Chained to the Hooter

Posted: January 28th, 2009 | Filed under: Mobilities at the Interface |

Console use affects an individual’s potential for mobility through coaxing one’s body into particular habits of sensing and reaction. The patterns that quickly feel “normal” for habitual computer users/operators not only bind one to the station, but become a reference point for one’s use of the senses when away from the station. (Drive over 12 hours straight and the absent or present vibrations of your destination site will make you walk and move differently.)

When looking at how this works in computing and console use, it’s easy to identify the visual feedback mechanisms, the ways in which machine displays code events into particular state changes (light turns red, text turns bold, icon starts bouncing) which trigger particular bodily responses. For many reasons however, it’s hard to identify the aural cues, the ways in which we form habits of sensation and action based on what we hear at the machine.
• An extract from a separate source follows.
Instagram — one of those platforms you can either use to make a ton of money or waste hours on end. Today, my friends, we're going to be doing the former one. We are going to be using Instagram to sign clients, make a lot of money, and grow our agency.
So the short history sound in computing in the recent issue of Jonathan Grudin’s Interactions journal is extremely helpful. We learn about earcons, sonification, Apple’s 1980’s SonicFinder, and even the function of sound in the first computers. Robare and Forlizzi write:

Many of the earliest computers were equipped with a speaker (known as a “hooter”) that could sonify the machine’s operations. The hooters were wired directly into a mainframe’s accumulator (or other likely spot); they produced rhythmic noises that engineers and operators could passively monitor. In the event of a bug, the noises would change. the interaction paradigm used was thus quite similar to that of a car engine: The user passively monitors a steady-state noise for any change in sound that might signal malfunction.

Also helpful is their reproduction of this 1970’s-era guide to designing sonic feedback:

I hope to later look up the proceedings of the annual International Conference on Auditory Display, and the work of Sarah Bly, who in the 1980’s imagined “how sound might help users find patterns in data that contained too many variables to be accurately displayed with a purely visual interface.”
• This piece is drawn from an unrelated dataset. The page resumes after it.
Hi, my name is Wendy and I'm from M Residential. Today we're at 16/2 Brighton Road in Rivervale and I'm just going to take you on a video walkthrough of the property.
If the article were mine, I’d end with some thoughts on how MP3’s have come to function as a sonic interface, how they structure the emotional and biological rhythms of users in response to particular computing events. Marketers of digital music and music players seem to imagine songs as background status indicators - we respond to a change more than to the sound content itself, ready to act appropriately on that change.

Postscript:

Upon finishing this post I headed outside to start clearing the night’s snow accumulation from my sidewalks and drive. I’d barely made a few loud scrapes of the shovel before a guy found me to see if I’d pay him to help. (I remembered him from last year, but never learned his name - just the sound of his regular cough.) I imagine him finding me by sound, walking the neighborhood in search of the sound of scraping against the morning’s snow-muffled quiet.